ARTIGO 35.º (Procedimento para a Dedução das Liberalidades)
- As deduções à matéria colectável são feitas da seguinte forma:
- a)- Deve-se calcular o valor equivalente à 40% do total da matéria colectável e, sobre este valor, deduz-se o valor das liberalidades devidamente fundamentadas documentalmente;
- b)- Após a dedução do valor das liberalidades, o remanescente é considerado matéria colectável sujeita à tributação;
- c)- Sempre que o valor das liberalidades exceder o quantitativo de 40%, deve-se considerar o excesso como matéria colectável sujeita à tributação;
- d)- O limite de 40% é reduzido a 30% quando a actividade seja desenvolvida no âmbito da pessoa colectiva, para benefício dos seus trabalhadores e agregado familiar.
- Para efeitos da alínea anterior, consideram-se abrangidos os mecenas cujas actividades tenham exclusivamente como beneficiários trabalhadores e os membros do agregado familiar.
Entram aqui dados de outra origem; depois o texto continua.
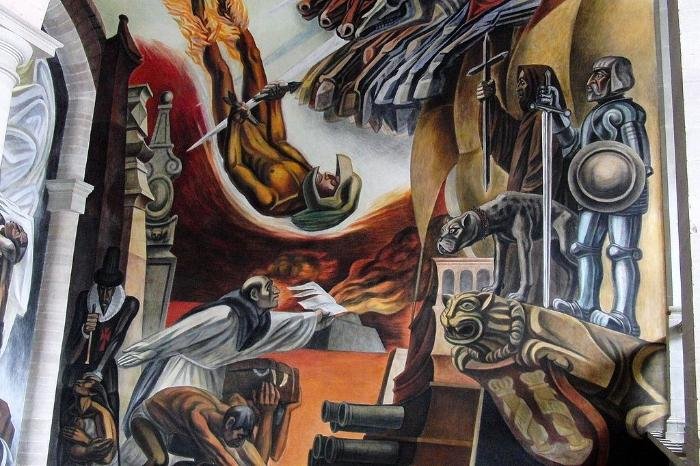 Relación del obispado con comunidades en Michoacán y Guanajuato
- O procedimento consagrado no número anterior é da responsabilidade dos contribuintes, na medida em que o Imposto Industrial é de auto declaração.
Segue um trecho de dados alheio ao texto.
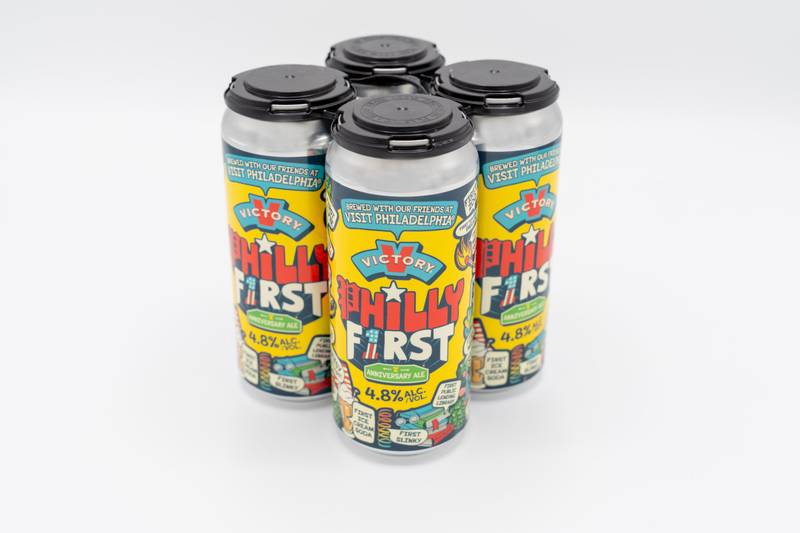 Victory Philly First IPA 4pk 16oz Can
- Para efeitos de apuramento do rendimento tributável, os mecenas devem proceder da seguinte forma:
- a)- Na Declaração Modelo 1 do Imposto Industrial deve ser declarado o volume anual de liberalidade concedidas, que devem estar devidamente documentadas e disponibilizadas sempre que solicitadas, sob pena da Administração Geral Tributária proceder às correcções à matéria colectável do contribuinte;
- b)- Apurar e pagar o Imposto Industrial tendo em conta o previsto no n.º 1 do presente artigo.
- A dedutibilidade dos custos incorridos com a aquisição de obras de arte, ou quaisquer outras formas de produção artística produzidas por artistas de nacionalidade angolana é limitada a 1% do resultado líquido do exercício, em que as liberalidades são concedidas e apuradas, mediante apresentação de documento da transacção, do qual devem constar obrigatoriamente as seguintes informações:
- a)- Identificação do artista;
- b)- Número de Identificação Fiscal;
- c)- Domicílio profissional;
- d)- Valor de venda da obra.»
Artigo 3.º (Revogação)
São revogados os artigos 3.º, 19.º, 25.º, 32.º, 34.º e 35.º do Decreto Presidencial n.º 195/15, de 7 de Outubro.
Artigo 4.º (Dúvidas e Omissões)
As dúvidas e omissões resultantes da interpretação e aplicação do presente Diploma são resolvidas pelo Presidente da República.
Artigo 5.º (Entrada em Vigor)
O presente Decreto Presidencial entra em vigor na data da sua publicação.
Apreciado em Conselho de Ministros, em Luanda, aos 24 de Janeiro de 2019.
- Publique-se. Luanda, aos 12 de Fevereiro de 2019.
O Presidente da República, JOÃO MANUEL GONÇALVES LOURENÇO.